信託財産とは委託者の財産から信託の対象とするために設定された財産のことです。委託者は自身の財産より管理、運用、処分を受託者に託したいものを選びます。財産として金銭的価値があるものであれば信託財産にすることが可能です。
信託財産の一例
- 現金
- 預貯金(ただし注意点あり。下記を参照)
- 有価証券(株式、投資信託、債券など)
- 不動産(土地や建物)
- 自動車、バイク、船舶、絵画、骨とう品などの動産
- 知的所有権(著作権、特許権など)
- 各種会員権
- 家畜やペット 等
なお、上場株式については現在のところ対応できる証券会社が少ないため、現実として信託財産として扱うには難しい財産です。

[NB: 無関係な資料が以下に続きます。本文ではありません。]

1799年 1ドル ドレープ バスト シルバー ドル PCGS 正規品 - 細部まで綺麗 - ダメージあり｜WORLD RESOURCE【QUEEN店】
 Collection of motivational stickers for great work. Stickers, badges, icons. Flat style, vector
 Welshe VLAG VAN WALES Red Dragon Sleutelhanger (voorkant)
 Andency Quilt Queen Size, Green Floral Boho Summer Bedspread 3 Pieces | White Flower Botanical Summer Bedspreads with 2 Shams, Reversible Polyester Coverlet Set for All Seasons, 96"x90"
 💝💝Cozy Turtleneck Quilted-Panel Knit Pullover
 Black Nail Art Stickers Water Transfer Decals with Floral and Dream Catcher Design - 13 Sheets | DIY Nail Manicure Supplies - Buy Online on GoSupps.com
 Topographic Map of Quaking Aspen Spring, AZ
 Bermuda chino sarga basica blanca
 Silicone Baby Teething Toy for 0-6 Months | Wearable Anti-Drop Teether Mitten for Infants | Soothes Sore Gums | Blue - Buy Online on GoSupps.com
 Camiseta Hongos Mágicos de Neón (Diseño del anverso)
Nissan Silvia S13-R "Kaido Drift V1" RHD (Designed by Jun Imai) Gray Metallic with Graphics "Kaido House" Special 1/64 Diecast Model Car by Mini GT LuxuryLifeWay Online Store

また「畑」や「田」については信託財産とするために農業委員会の許可を得る必要があります。
信託財産は誰のもの?
委託者の財産から信託財産とするため「所有権は委託者である」と考えがちですが、実際のところは誰のものでもないという見解になります。信託を開始すると財産は受託者名義になりますが、受託者が所有権を持つというわけではなく、あくまで便宜上名義が変更されるだけです。なお、信託契約における最終的な所有権は信託の権利帰属者となります。
預貯金を信託する場合
預貯金を信託財産に希望する場合、そのままの形では信託できません。銀行の預貯金債権には第三者に譲渡できないとうルールがあるからです。そのため預貯金を信託財産とする場合には、預貯金をいったん払戻し、委託者と受託者両名の名義で信託専用の口座を開設し、その口座に現金を預ける必要があります。
ただし、株式と同様に対応できる銀行は限られていますので、銀行に確認をしてから手続きを行いましょう。